The Capacitated Vehicle Routing Problem (CVRP) is one of the most extensively studied problems in combinatorial optimization. Based on customer demand, we distinguish three variants of CVRP: unit-demand, splittable, and unsplittable. In this paper, we consider k-CVRP in general metrics and on general graphs, where k is the vehicle capacity. All three versions are APX-hard for any fixed k ≥ 3. Assume that the approximation ratio of metric TSP is 3/2. We present a (5/2 - Θ(√{1/k}))-approximation algorithm for the splittable and unit-demand cases, and a (5/2 + ln 2 - Θ(√{1/k}))-approximation algorithm for the unsplittable case. Our approximation ratio is better than the previous results when k is less than a sufficiently large value, approximately 1.7 x 10⁷.
For small values of k, we design independent and elegant algorithms with further improvements.

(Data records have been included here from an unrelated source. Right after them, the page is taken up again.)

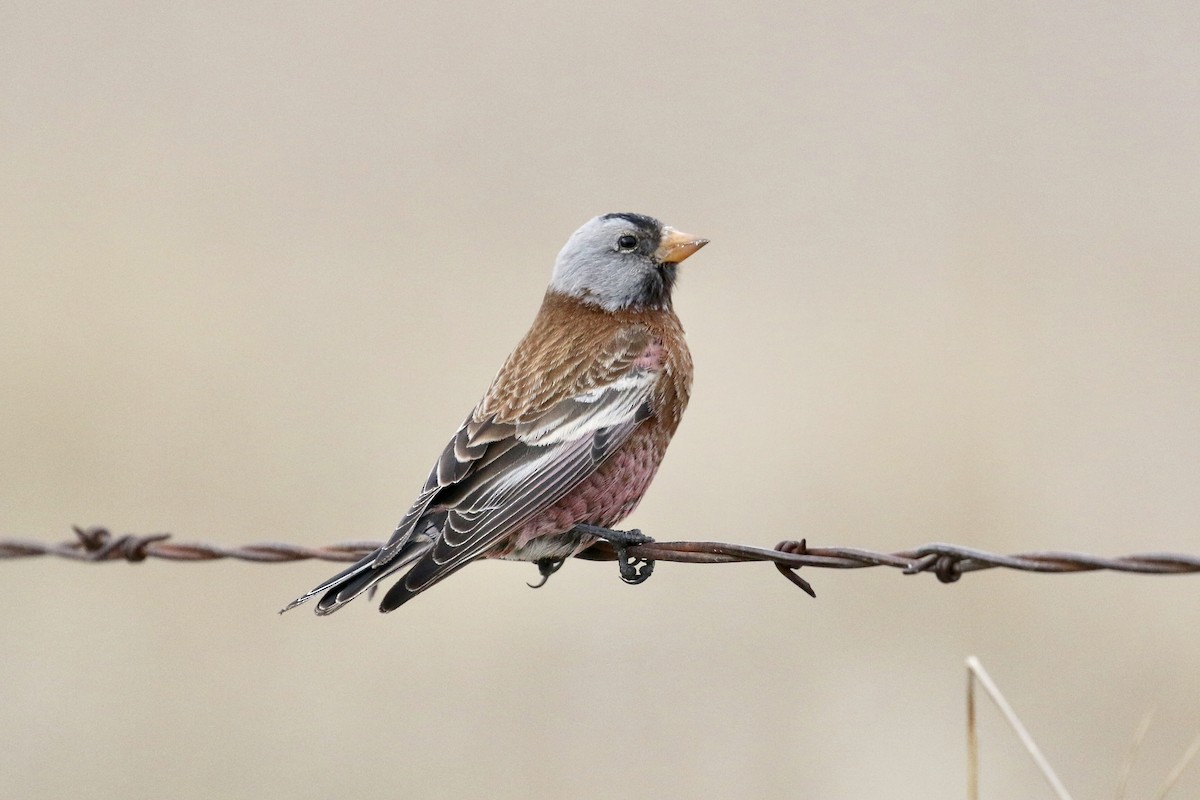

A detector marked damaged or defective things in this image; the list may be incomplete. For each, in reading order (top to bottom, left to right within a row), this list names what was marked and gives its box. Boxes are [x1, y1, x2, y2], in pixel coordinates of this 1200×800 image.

rusty barbed wire [2, 520, 1200, 596]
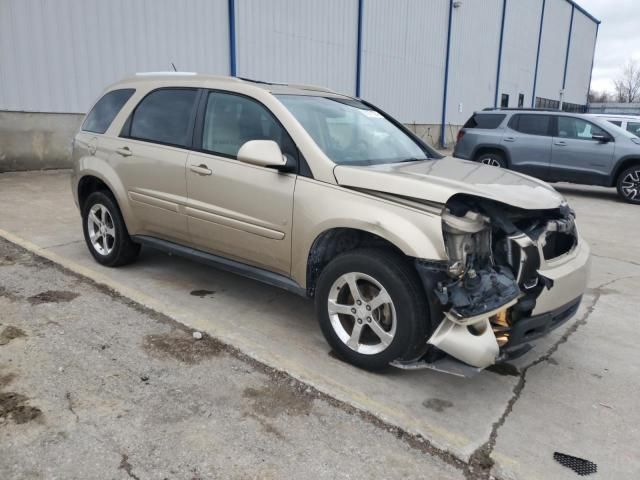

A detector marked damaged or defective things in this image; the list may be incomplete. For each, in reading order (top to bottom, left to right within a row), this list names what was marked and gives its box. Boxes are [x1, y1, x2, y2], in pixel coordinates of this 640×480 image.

damaged chevrolet equinox [70, 74, 592, 376]
bent hood [336, 157, 564, 211]
crumpled front end [410, 194, 592, 372]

For the splittable and unit-demand cases, we improve the approximation ratio from 1.792 to 1.500 for k = 3, and from 1.750 to 1.500 for k = 4. For the unsplittable case, we improve the approximation ratio from 1.792 to 1.500 for k = 3, from 2.051 to 1.750 for k = 4, and from 2.249 to 2.157 for k = 5. The approximation ratio for k = 3 surprisingly achieves the same value as in the splittable case. Our techniques, such as EX-ITP - an extension of the classic ITP method, have the potential to improve algorithms for other routing problems as well.

Cite As Get BibTex

Jingyang Zhao and Mingyu Xiao. Improved Approximation Algorithms for Capacitated Vehicle Routing with Fixed Capacity. In 50th International Symposium on Mathematical Foundations of Computer Science (MFCS 2025). Leibniz International Proceedings in Informatics (LIPIcs), Volume 345, pp. 93:1-93:19, Schloss Dagstuhl – Leibniz-Zentrum für Informatik (2025) https://doi.org/10.4230/LIPIcs.MFCS.2025.93

Author Details

Jingyang Zhao
  • University of Electronic Science and Technology of China, Chengdu, China
Mingyu Xiao
  • University of Electronic Science and Technology of China, Chengdu, China

Funding

The work is supported by the Postdoctoral Fellowship Program of CPSF under Grant Number GZC20251102, and the National Natural Science Foundation of China under the grants 62372095, 62172077, and 62350710215.

Acknowledgements

We would like to thank all reviewers for their valuable comments.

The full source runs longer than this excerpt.